By Seo Dong-shin
Staff Reporter
This summer, two ambitious ballet-based productions are set to hit the stage. Both performances are sure to arouse the interests of even those who are not completely attune to classical music.
Carl Orff's masterpiece, ``Carmina Burana,'' is making a comeback 12 years after its last performance here in Seoul.
The German composer created the piece during the 1930s. The well-rounded production was inspired by a medieval manuscript collection and includes various dance and stage settings, strung together by a delightful musical score. Unlike the original, today's modernized version of ``Carmina Burana'' is staged as a cantata piece in a concert hall.

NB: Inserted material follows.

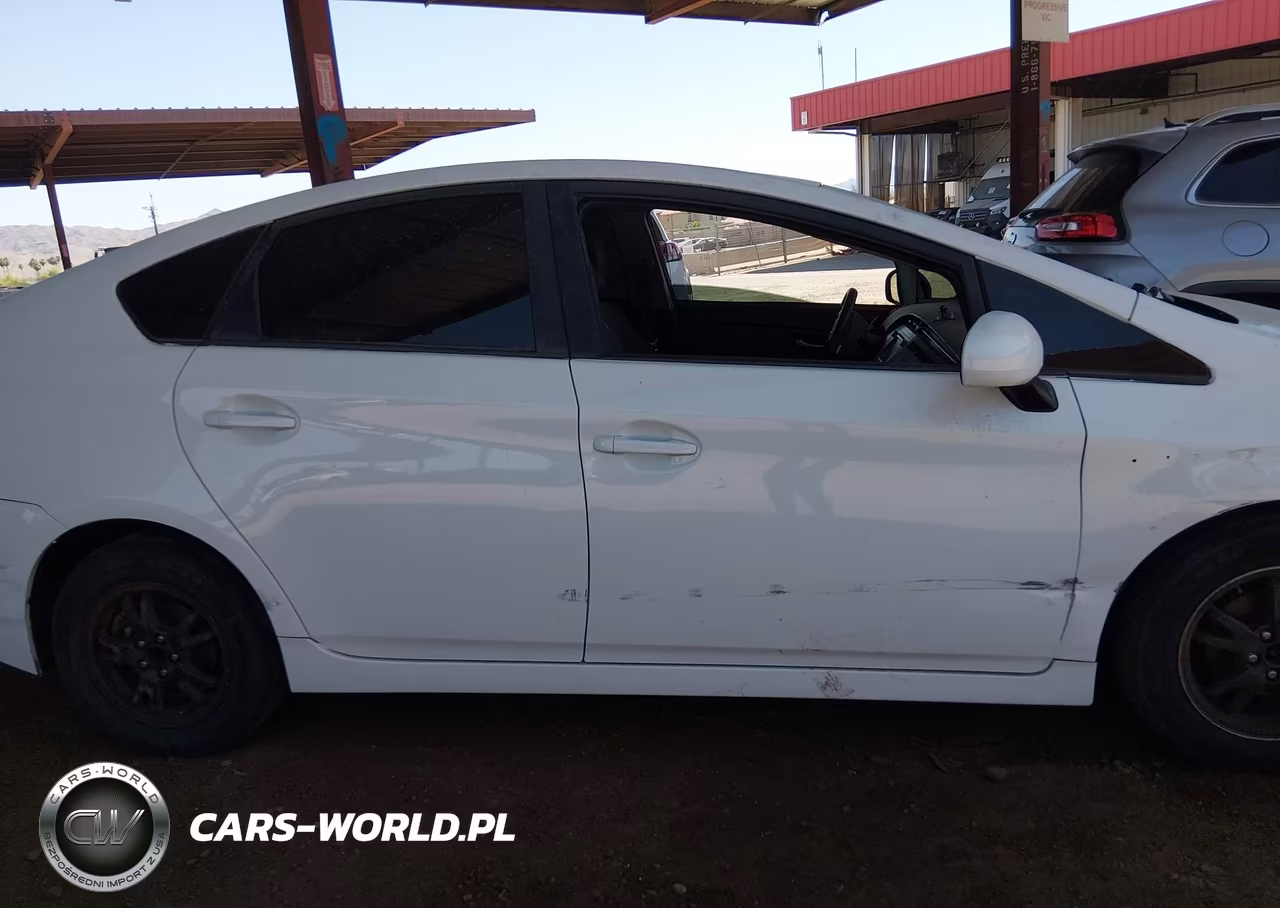 2015 Toyota Prius Two VIN:JTDKN3DUXF1892639 - 13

On Aug 3-4 at the Aram Nuri Arts Complex in Goyang, Gyeonggi Province, however, it will dazzle audiences in full-fledged glory, as roughly 230 people from the Korea National Ballet, the National Chorus of Korea, Goyang City Choir and Mostly Philharmonic Orchestra are geared to participate in the staging.
Until now, opera and ballet fans had to content themselves with snippets from the famous production, such as the grand choir song ``O Fortuna'' or the solo ballet act in ``The Song of the Roasted Swan'' at a select few special gala occasions. ``O Fortuna'' features the grandiose, bombastic choir melody, which almost everyone will surely remember hearing from a TV commercial, as it has been widely adapted into pop culture.

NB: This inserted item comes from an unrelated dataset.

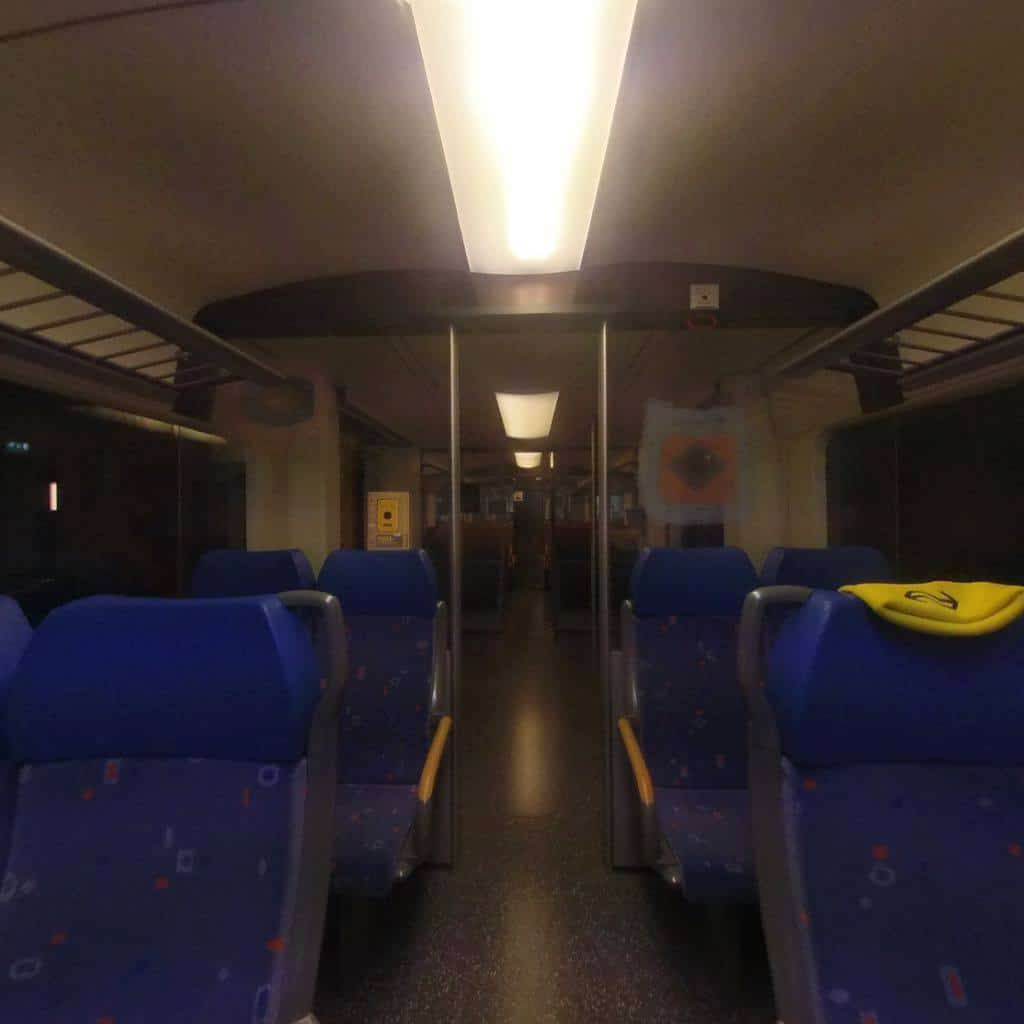 amsterdam flygplats tåg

So this will be a rare opportunity to experience the production in full. For more exquisite rendering of the piece, which is centered on a grand wheel of fortune, always turning and symbolizing the fickleness of luck, a huge wheel from Les Grand Ballet in Canada will appear on stage.
Tickets range from 10,000 won to 100,000 won. For more information, visit www.artgy.or.kr.

``Shim Chung'' is also a unique production combining classical ballet and commercial musical. Ambitiously prepared by the Universal Ballet and CJ Entertainment, the production is based on the Universal Ballet's popular annual repertoire ``Shim Chung,'' originally a ballet piece based on a Korean folk tale.
Yang Jung-ung, director of the Yonhangza Theater Company whose Korean-cast production of Shakespeare's ``A Midsummer Night's Dream'' was invited to the Edinburgh Festival Fringe in 2005 and to the Barbican Center in London last year, took the director's job for the new fusion. In the ballet musical version, theatrical miming will be added to classical ballet movements of the dancers to intensify the story telling.
If ballet ``Shim Chung'' was a fusion of the East and the West using the Western expression of ballet to express sentiment in the Korean folk tale of a blind man's daughter, Shim Chung, then this ballet musical puts another spin on the story by mixing in the modern with the traditional.
Characters are infused with contemporariness. Here the piece begins with a father reading the story of Shim Chung to his blind daughter. It is a twist on the original tale of the girl sacrificing herself to open her blind father's eyes.
Costumes specially designed for ballet musical ``Shim Chung'' will fascinate the eyes as ballet tutus evolved here with a touch of hanbok, traditional Korean clothes, adapted in colors and small details.